The distributor needs to see the code from the vendor to see where to make changes. They also need to be able to send information back to the original vendor about changes required in the base code to support internationalisation. There is a further complication in this scenario. It is the need to support double byte character sets, ports for additional languages, and by the need to possibly support multiple releases of the software.
Scenario 4: Customer can tailor a product, but the vendor still supports it.
A software vendor sells a package that the customer or vendor staff can tailor at the customer site. If there are problems with the implementation, the vendor still supports the product even though the customer has changed it.
The challenge here is to keep track of what your customers are doing. In many cases they could easily make a change and forget to tell you about it. Different sites will have different standards. It is very difficult to make all the sites follow a set procedure that will help you keep in synchronisation with all your customers and their individual tailoring.
"More is worse' scenarios:
Bigger may be better, but for software development, more is definitely worse. Supporting extra sites, time zones, operating system versions, programming languages and product releases just adds to the complexity and opportunity for error.
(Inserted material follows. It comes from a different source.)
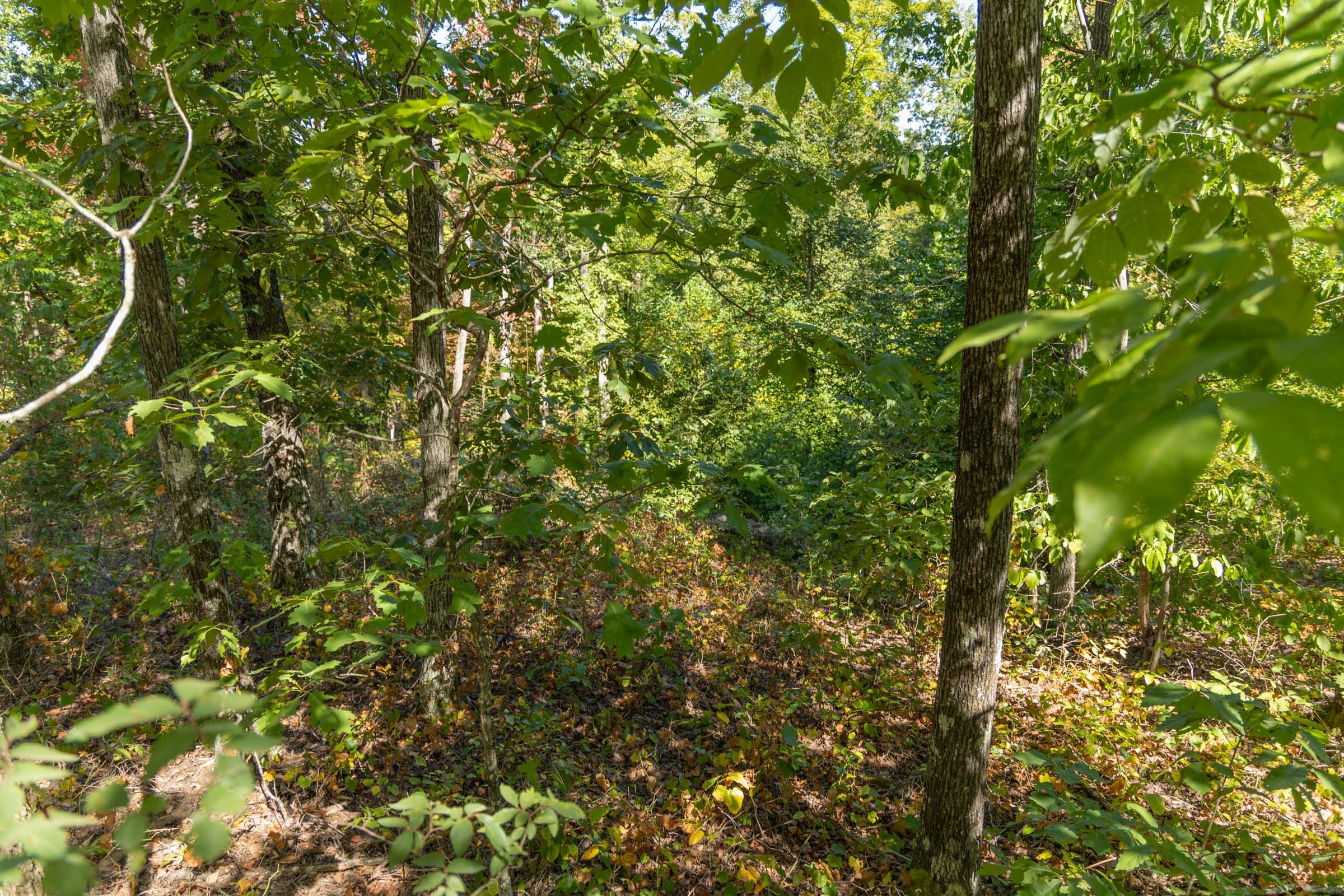 Big White Oak Tract 55 photo 9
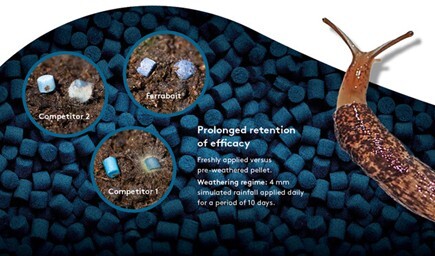 Prolonged retention of efficacy slug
There may even be a point at which adding another site may end up costing more in support that the site can add to the development effort.
In the example, we said that there was regular interaction between two sites and occasional interaction with the other. In this example it would be reasonable to say that two people are spending at least ten per cent of their time keeping the two main sites synchronised. One person is spending around five per cent (at the third site).
In addition, two people would be spending at least twenty per cent of their time merging the code between the two main sites. Even at this simplistic level, the costs start to mount:
2 x 10% x $50,000 + 1 x 5% x $50,000 + 2 x 20% x $50,000 = $32,500
This adds up to thirty-two thousand five hundred dollars, or sixty-five per cent of one man-year just keeping the sites synchronised. This does not take into account the amount of developer time to understand the changes that have occurred at each end as a result of the merges. It also does not account for rework needed due to misunderstandings and incorrect versions of files being sent between sites.
Again, it is difficult to give hard numbers in this environment, but it is possible to consume two or three man-years just because of the difficulties communicating between the sites. Every site added increases the effort at all sites to keep synchronised.
In nearly all sites, it is possible to improve the mechanisms in use in these areas. The ways we make the improvement will vary, but will nearly probably require automation, and integration into the development procedures and other processes in use.
The following is a list of requirements that a better mechanism for managing the interaction between development sites would have to meet.
This is not an exhaustive list. A tool that can meet all these requirements has the potential to save many man hours of development effort and rework.
The difficulties are mostly in the area of communication. Communication of the software under development and between the people performing that development are the biggest problem areas. These difficulties can add a serious overhead to your development effort.
As with many activities in software development and operations, it is possible to tackle the problem by automation. Any organisation that is currently involved in, or considering geographically dispersed development should pay close attention to the costs, methods and procedures associated with it.